* _Task brief_: Beginning at the line with "7 Bolger Gardens, Kelmscott WA 6111", please repeat each line exactly through the end of the records below, including that first line and the last, but no pictures.

(Available records begins)

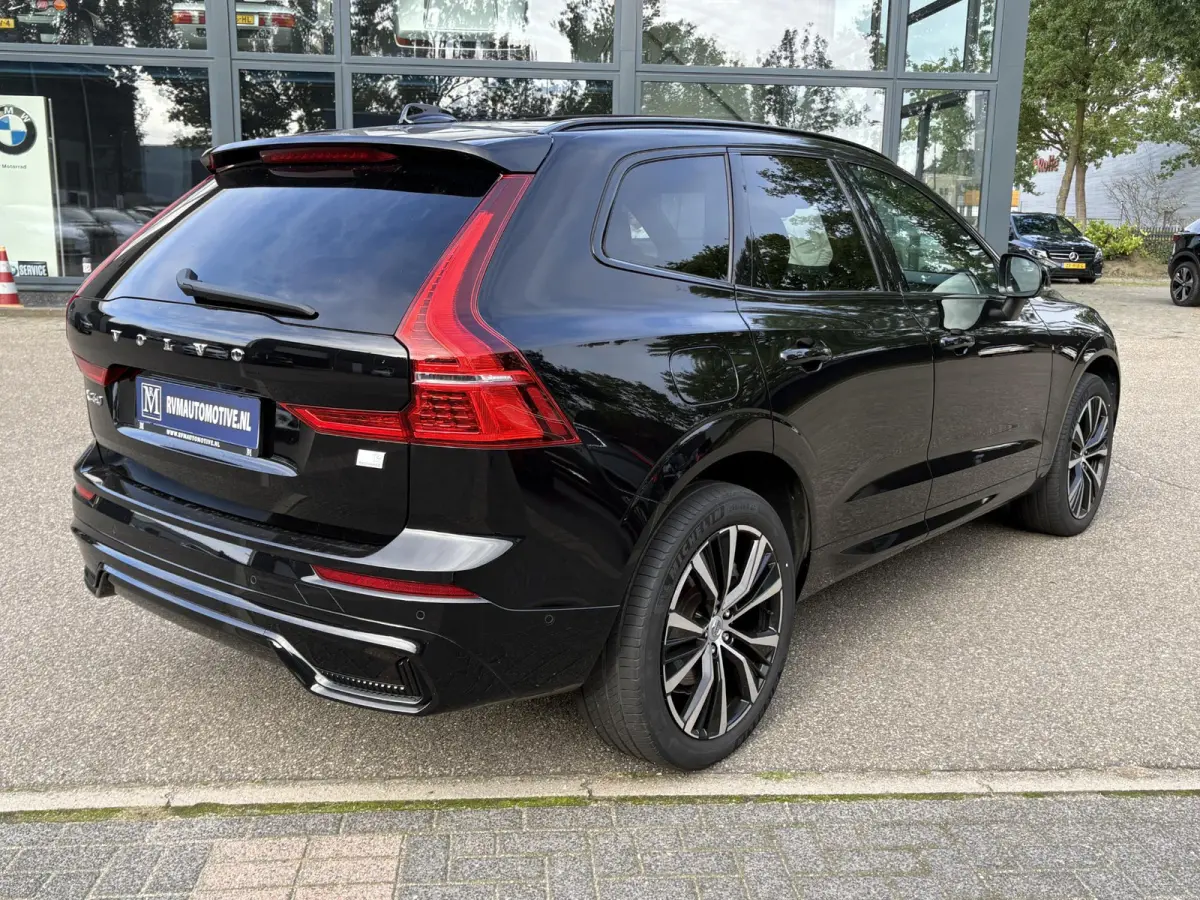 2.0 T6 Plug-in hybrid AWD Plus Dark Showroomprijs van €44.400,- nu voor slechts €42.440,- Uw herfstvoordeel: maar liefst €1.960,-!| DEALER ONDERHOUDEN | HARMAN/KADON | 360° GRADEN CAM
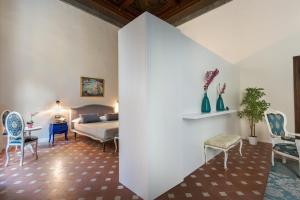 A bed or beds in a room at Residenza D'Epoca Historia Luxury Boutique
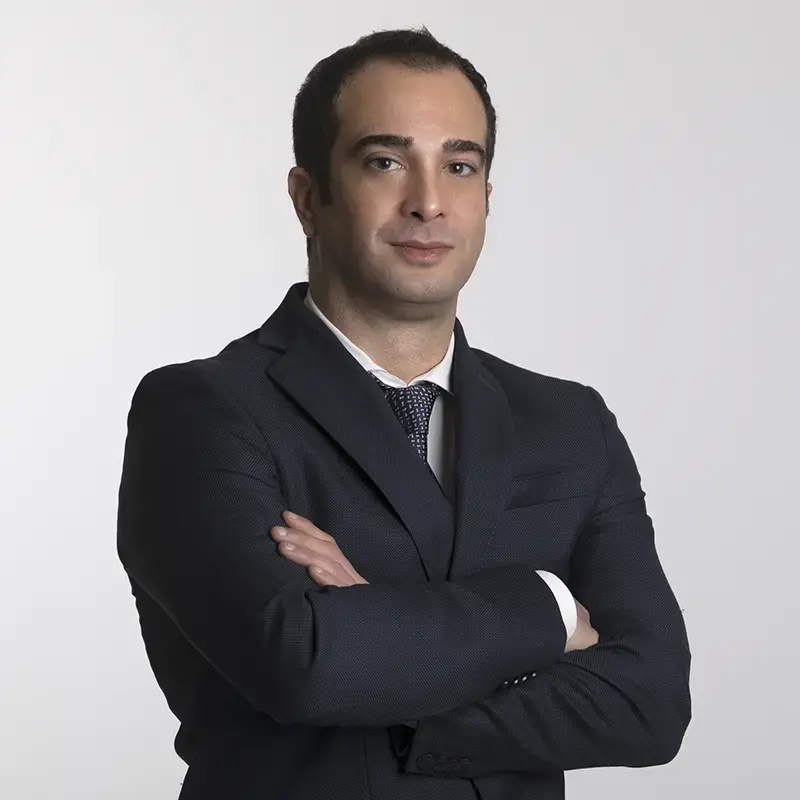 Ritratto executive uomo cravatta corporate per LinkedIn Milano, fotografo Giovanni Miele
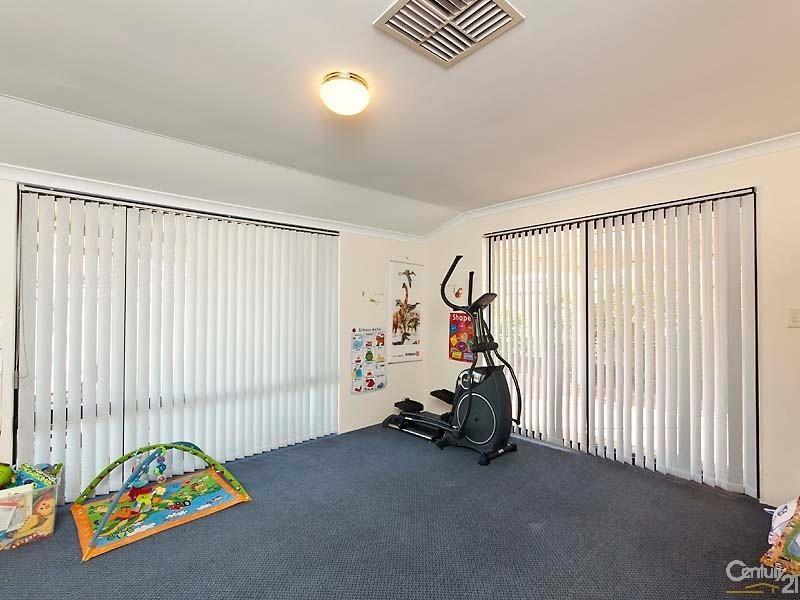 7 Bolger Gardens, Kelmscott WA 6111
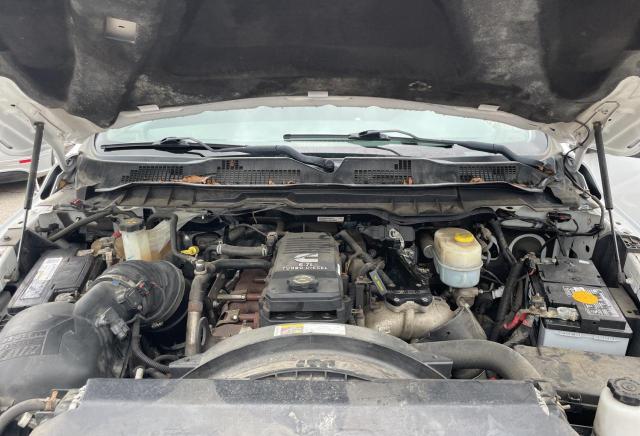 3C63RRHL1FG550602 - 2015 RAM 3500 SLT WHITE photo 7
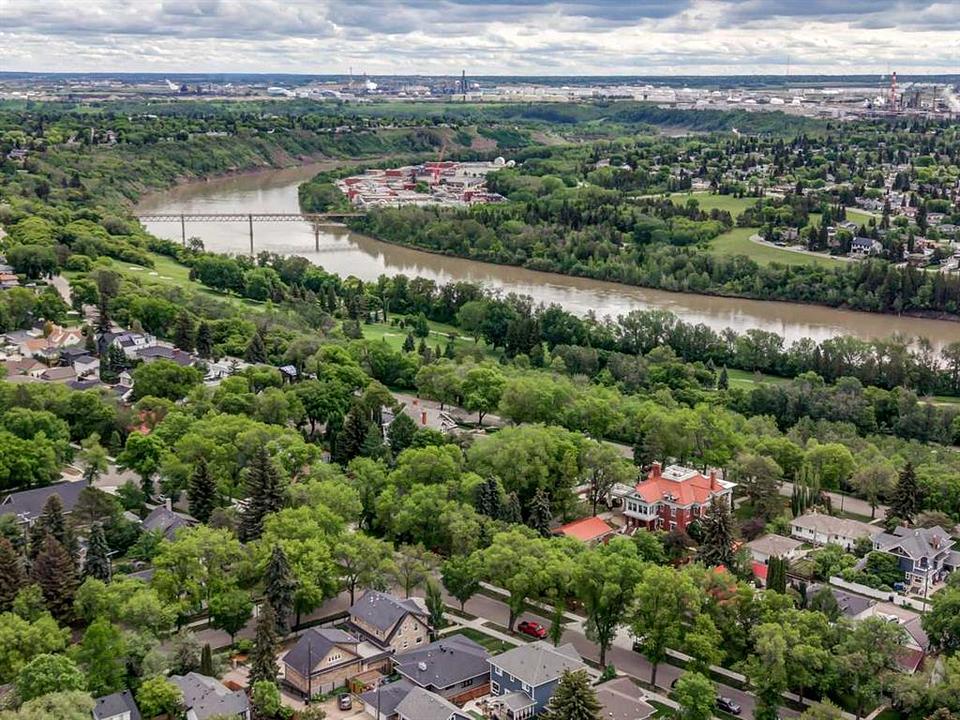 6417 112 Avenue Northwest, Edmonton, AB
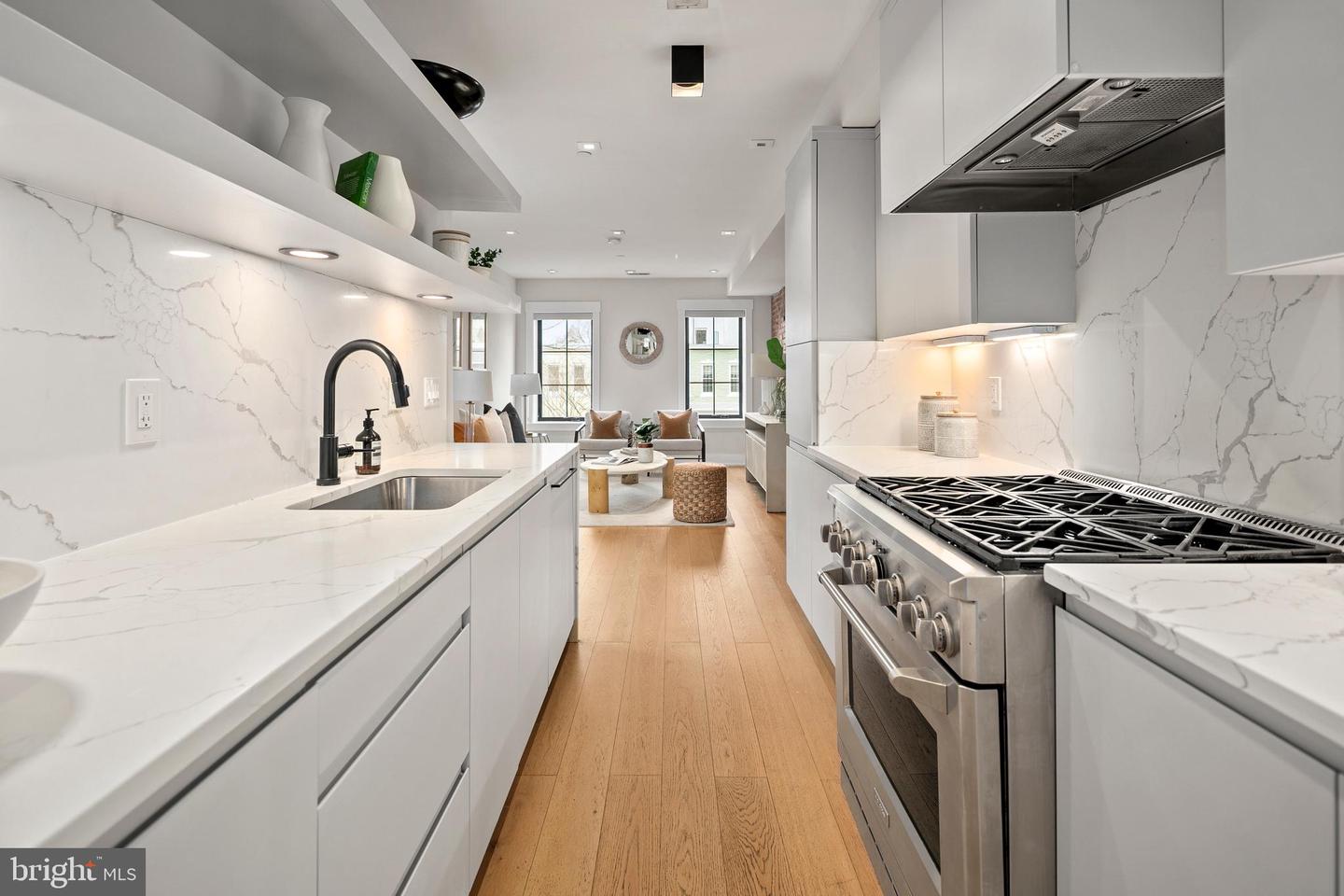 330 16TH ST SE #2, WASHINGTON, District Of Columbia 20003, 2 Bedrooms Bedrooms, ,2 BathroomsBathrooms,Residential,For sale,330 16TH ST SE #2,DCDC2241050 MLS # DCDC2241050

(Available records ends)

* _Reply to the task_:
 7 Bolger Gardens, Kelmscott WA 6111
 3C63RRHL1FG550602 - 2015 RAM 3500 SLT WHITE photo 7
 6417 112 Avenue Northwest, Edmonton, AB
 330 16TH ST SE #2, WASHINGTON, District Of Columbia 20003, 2 Bedrooms Bedrooms, ,2 BathroomsBathrooms,Residential,For sale,330 16TH ST SE #2,DCDC2241050 MLS # DCDC2241050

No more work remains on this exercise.